Canadians call their vacation homes by many different names—cottages, chalets, cabins, camps. But they all share one thing, and that’s the promise of escape. In the last few years, however, the silent grandeur of dockside mornings and sunsets—once only interrupted by the odd speedboat or loon—has been drowned out by sights more common in the world of residential real estate: packed offer days; frantic realtors engrossed in FaceTime tours; tiny towns overtaken by firepit-crazed interlopers. For buyers, the message is quite clear: vacation’s over.
According to Royal LePage’s 2022 recreational property price report, Canadians are staring down a 13 per cent jump in vacation-property prices from 2021—a slight cooling from the year before but still compounded by the massive increases since the pandemic. The national average for a single-family cottage is now $640,710, and there’s even more variability at the local level. Chronic low supply and insatiable demand mean buyers have been shelling out in excess of $1 million to simply enter some Ontario markets. In Invermere, British Columbia, prices nearly doubled between 2020 and 2021.
A mix of factors have drawn up to 1.8 million Canadians into the vacation-property market in the last five years: the rise of remote work (and better Wi-Fi), aging millennials (now with savings), an army of retiring boomers and a pre-existing migration to the rural “exurbs” and areas with affordable housing, which was supercharged by the pandemic. In the second quarter of 2020, according to Statistics Canada, Canadians saved a record 28 per cent of their income. With nowhere to eat, drink or travel to, lots of us amassed down payments—and a significant portion of them went toward cottages.
Not all Canadian markets are created equal, though. 10 locations in particular—some established and others emerging—have seen particularly dramatic year-over-year price spikes.
In the July issue of Maclean’s, and each week here online, recent buyers divulge what they had to do to acquire the cottages of their dreams: pool family money, send relatives for viewings, hop on the first flight to Atlantic Canada post-bubble, or buy sight unseen, sometimes from thousands of kilometres away.
Invermere, British Columbia
Average recreational property price (2021): $666,000
The market: In-the-know Calgarians have long braved the mountainous three-hour trek to holiday in Invermere, British Columbia, a town of 4,000 people that borders the Rockies.

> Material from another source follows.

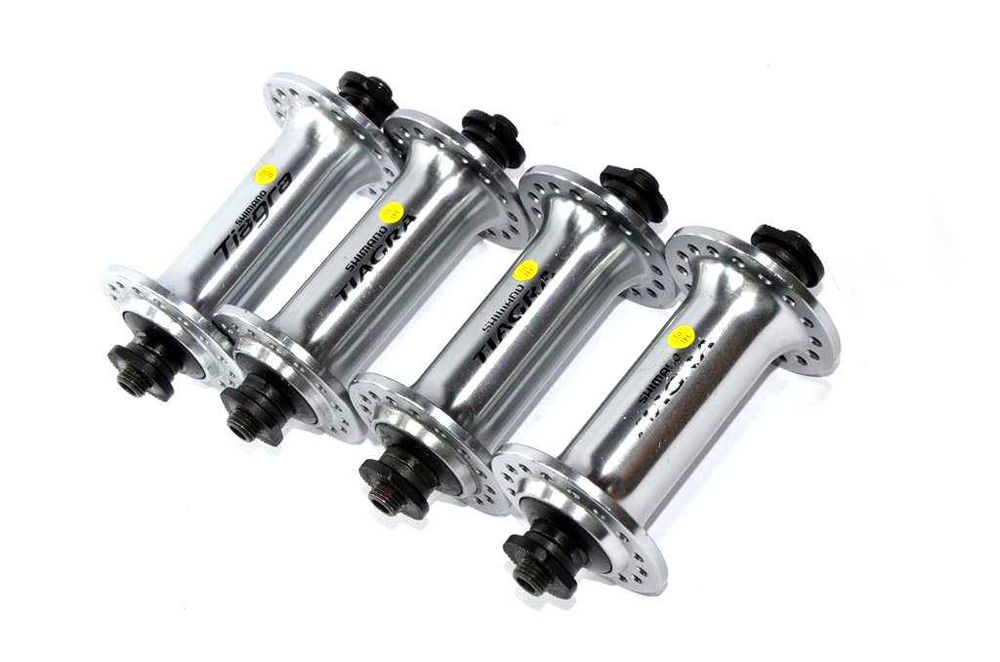 Piasta przednia przód Shimano 32 H TIAGRA HB 4500 szosowa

Its charming downtown strip, skiing and golfing amenities, and proximity to the warm-bodied Lake Windermere have made it a favourite among young families. Recently, Invermere has absorbed new vacation-property owners as part of a broader trend of baby boomers retiring into the Columbia Valley. Invermere’s inventory was once considered affordable by B.C. standards, but the whopping 88 per cent spike in prices from 2020 to 2021 has been anything but relaxing for prospective buyers.
The buyers: Brad Flock, a 65-year-old marketing professional, and his wife, Dena, a 65-year-old retired design entrepreneur.
Dena: “Brad and I have been lucky to own several vacation homes. We used to winter in Scottsdale in Arizona and owned a place on Canmore’s Silvertip Resort golf course until 2014. Eight years ago, we experienced a family tragedy, and we sold the Canmore property. We had too many memories there.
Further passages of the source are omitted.